Guest Post by Brian Renninger: Running First Edition Oriental Adventures, Session 3 Part 1

Monday , 15, August 2016 4 Comments

Play report 3a: 1st Edition AD&D, and 1st Edition Oriental Adventures.

Anchors aweigh! Part 1.

After the first session total party kill, and the second session introduction of the barbarian übermensch this third session started to hit a stride. The session began with the two Barbarians and the Shugenja at loose ends in the village after wrapping up their selling of bug juice and parts. They were about to head for the harbor with their twenty villager seaman to look for work when they noticed on the small hill just outside of town a number of stakes with people apparently tied to them.
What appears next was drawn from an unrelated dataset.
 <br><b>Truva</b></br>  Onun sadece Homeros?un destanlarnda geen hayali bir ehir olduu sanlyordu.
Climbing the hill to investigate, they discover nine still-living people impaled and staked out to die. These are the peasant bandits that our original adventurers who perished in the Tower of the Stargazer had sent back to the village to report themselves to the town headman. There, contemplating the impaled men is a new character: a Ronin thinking existential thoughts about the fickleness of fate. Our barbarians and Shugenja are initially at a loss as to what to do about this situation. I had thought it might be an opportunity for the Shugenja to earn some experience by healing them but, ultimately it’s decided to put them out of their misery. But, how? At first, they try excruciatingly removing one peasant from the stake but, after much shrieking they just decide to dispatch them all as expeditiously as possible without removing them from the stakes.
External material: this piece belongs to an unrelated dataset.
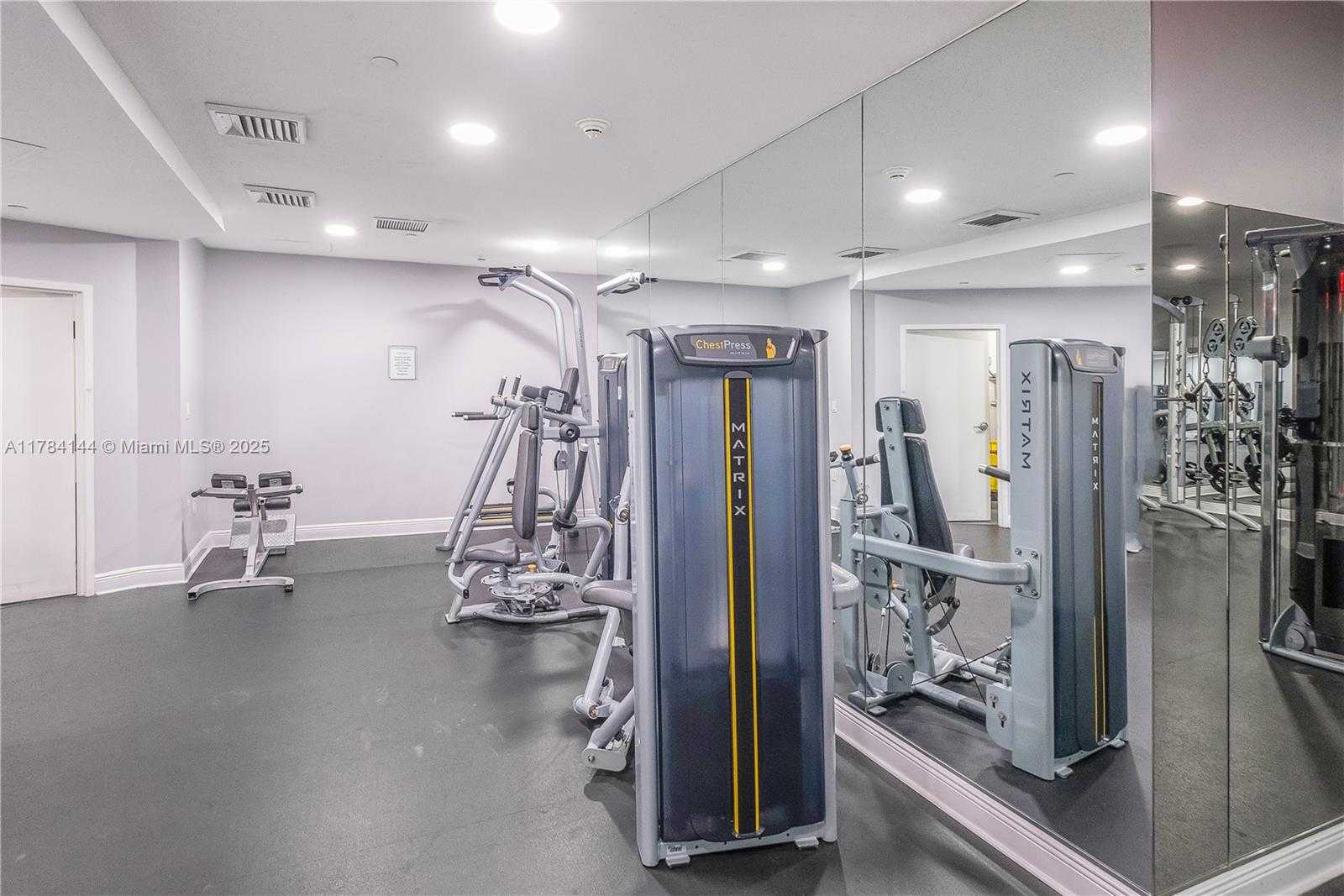 Small Image of 1250 SOUTH MIAMI AVE #2802, Miami Number 37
That bloody business done, they set out back to the village to investigate who had done such a foul deed. Which doesn’t take long as their actions had not gone unnoticed. The local headman, who is the Samurai the original party saved from drowning and then later tried to assassinate, attempts to apprehend them for having interfered with due process. Also along, is the Ronin player character who, not yet committing to being “with those guys” follows, wanting to see how things play out.

What followed is the longest psychic duel ever between one of the Barbarians and the Headman. Per the OA rules each party to the duel rolls a saving throw versus death, if one party succeeds and the other fails, then he wins the duel. Ties (both succeed or both fail) either extends the duel or one or other character can choose to break it off. In this case it was a 1st level barbarian versus a 3rd level samurai with respective saving throws of 14 and 13. I lost count of the rounds but, we must have rolled at least 20 ties. Finally, the Headman tiring of the contest breaks it off and using iajutsu wins surprise and hits the barbarian twice with his katana but, he rolls crummy with his damage and the barbarian stayed up. What follows is a general melee with the two Kung Fu barbarian basically cold cocking the Headman and most of the guards, the remaining few guards break off and retreat for help.
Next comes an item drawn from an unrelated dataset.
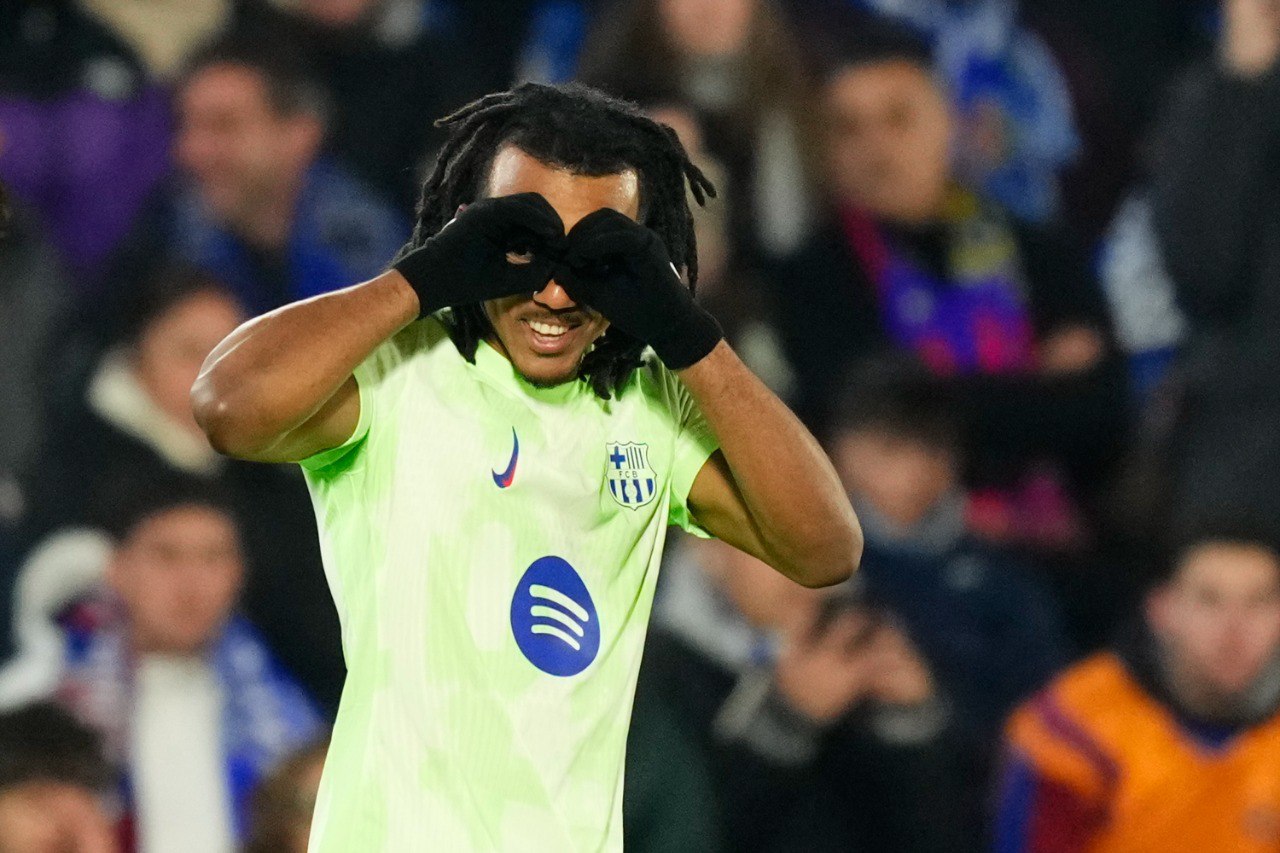 الأرقام لا تكذب.. كوندي أحد أفضل المدافعين في العالم حاليًا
Sensing that more trouble may follow, they throw the headman over their shoulders and make for the docks, stopping off in an alleyway to bind, revive, and interrogate the Headman. The interrogation doesn’t go well as the Headman is both arrogant and ashamed of being beaten by such uncivilized louts. He wants nothing more than to crawl away somewhere and commit seppuku but, oh no that would be too easy they think. Gagging the bedraggled Headman they head to the docks and seek out the harbormaster. The Harbormaster is both shocked, appalled, and intimidated by this crew of who-knows-what dragging the Headman along on a rope. They try to get his opinion of the Headman but, the Harbormaster wisely defers that, “It is not my place to have an opinion.” So, getting nowhere they have the Harbormaster take them to the docks and show them the ships in harbor.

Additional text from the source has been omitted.